La singulière beauté du film réside précisément dans une manière toute personnelle de dénaturaliser ce qui pourrait se réduire à un simple drame social, de traquer un ordre abstrait derrière les prescriptions du monde social. Tout se passe comme si Hlynur Palmason entendait proposer un scénario conduisant vers une catastrophe attendue sans jamais remplir ce programme. S’y entremêle plutôt le temps répétitif du travail humain avec des moments d’une bizarrerie pourtant jamais artificielle. Mais sans doute le film ne serait pas si remarquable s’il n’inventait pas une étonnante figure humaine. Elliott Crosset Hove, qui incarne Emil, est une sorte de personnage burlesque, aux yeux perpétuellement écarquillés. C’est à lui sans doute que l’on doit le plus évidemment ce sentiment d’étrangeté angoissante qui nimbe un film qui n’oublie pas pourtant de s’inscrire dans une réalité sociale particulièrement rugueuse. Jean-François Rauger

Film islando-danois d’Hlynur Palmason. Avec Elliott Crosset Hove, Lars Mikelsen, Peter Plaugborg (1 h 34).

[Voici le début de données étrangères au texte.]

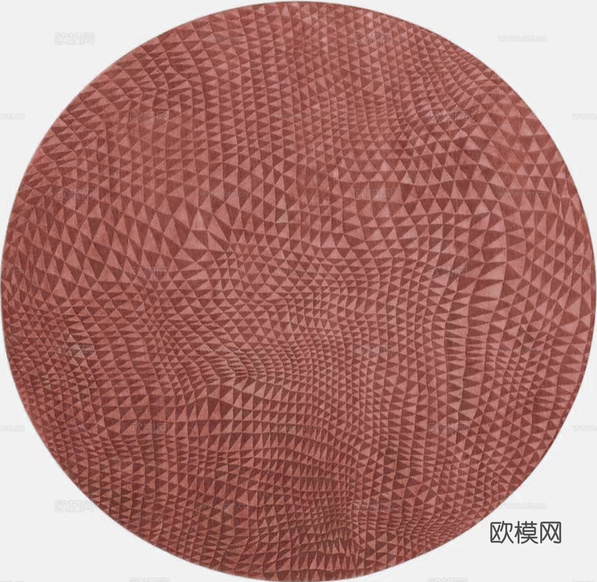 红色圆形三角几何地毯下载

LA PETITE SŒUR JAPONAISE D’HARRY POTTER : « Mary et la fleur de la sorcière », d’Hiromasa Yonebayashi

Mary et la fleur de la sorcière - bande annonce finale VOSTFR
Durée : 01:42

Mary et la fleur de la sorcière est le premier long-métrage d’animation à sortir des ateliers du tout jeune studio Ponoc, constitué en majeure partie de transfuges du studio Ghibli, réduits au chômage technique après l’annonce, en 2014, de l’arrêt de la production. Et sans doute fallait-il en passer par cette nouvelle structure pour que de jeunes auteurs sortent enfin de l’ornière intimidante des deux grands maîtres, Hayao Miyazaki et Isao Takahata, cofondateurs de Ghibli, qui ont régné économiquement et symboliquement sur l’animation japonaise pendant plus de trente ans. Pour son réalisateur, le talentueux Hiromasa Yonebayashi, âgé de 44 ans, disciple de Miyazaki depuis Le Voyage de Chihiro (2001), l’enjeu est donc de taille : non seulement lancer le studio, mais surtout conjurer l’échec commercial de son précédent film, Souvenirs de Marnie (2014), belle œuvre tortueuse et sous-estimée, qui restera au regard de l’histoire comme la toute dernière production Ghibli.

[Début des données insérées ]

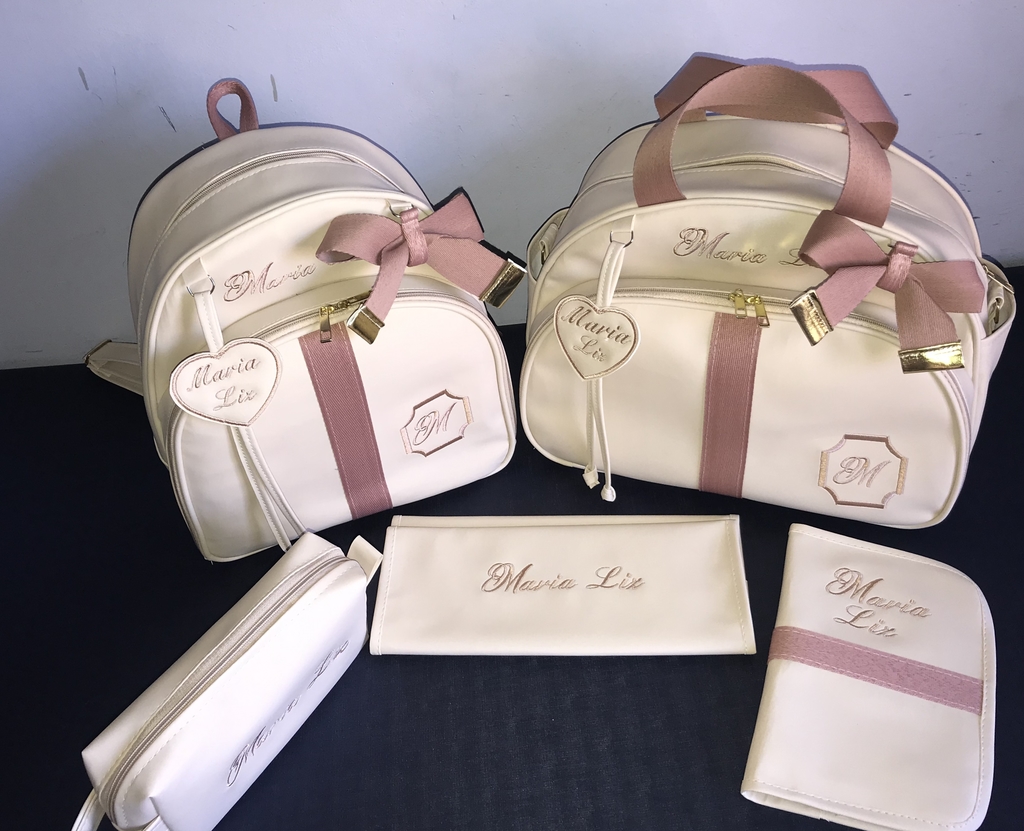 Kit maternidade personalizado menina cor perola com fita rosê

Adapté comme son prédécesseur d’un roman pour enfants britannique (The Little Broomstick, de l’Ecossaise Mary Stewart, Hodder Children’s Books, 2006, non traduit), Mary et la fleur de la sorcière se présente ainsi sous le double signe du renouveau et de la continuité. Mary, une petite fille rousse coiffée de couettes, passe l’été dans la maison de campagne de sa grand-mère, où elle s’ennuie. Un chat du voisinage la conduit à l’orée de la forêt, sur la piste d’une fleur mystérieuse, la « Vol de nuit », qui lui donne le pouvoir magique de s’envoler sur son balai. Elle découvre alors, au milieu des nuages, le palais d’Endor, qui renferme une école de magie et abrite, dans le secret de ses murs, de curieuses expériences.

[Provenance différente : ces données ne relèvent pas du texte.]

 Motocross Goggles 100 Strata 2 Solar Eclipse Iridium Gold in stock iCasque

Après une ouverture époustouflante d’allant romanesque et de dynamisme pictural, la suite retombe sur un territoire plus balisé, coincé quelque part entre l’héritage du studio Ghibli et une destination plus ouvertement commerciale, liée notamment à l’univers de l’académie de magie, qui fait inévitablement penser à la saga Harry Potter. Et si ce film étrange peut se voir comme l’une de ces belles fables initiatiques, sur les rapports réciproques de l’enfance et de l’imaginaire, celle-ci débouche sur une fantasmagorie grippée. Pour la manière qu’il a de passer par les détours trompeurs de la fantasmagorie pour inviter enfants et parents, simplement, à poser un regard sur le monde alentour, il n’en est pas moins passionnant. Mathieu Macheret

Film d’animation japonais d’Hiromasa Yonebayashi (1 h 42).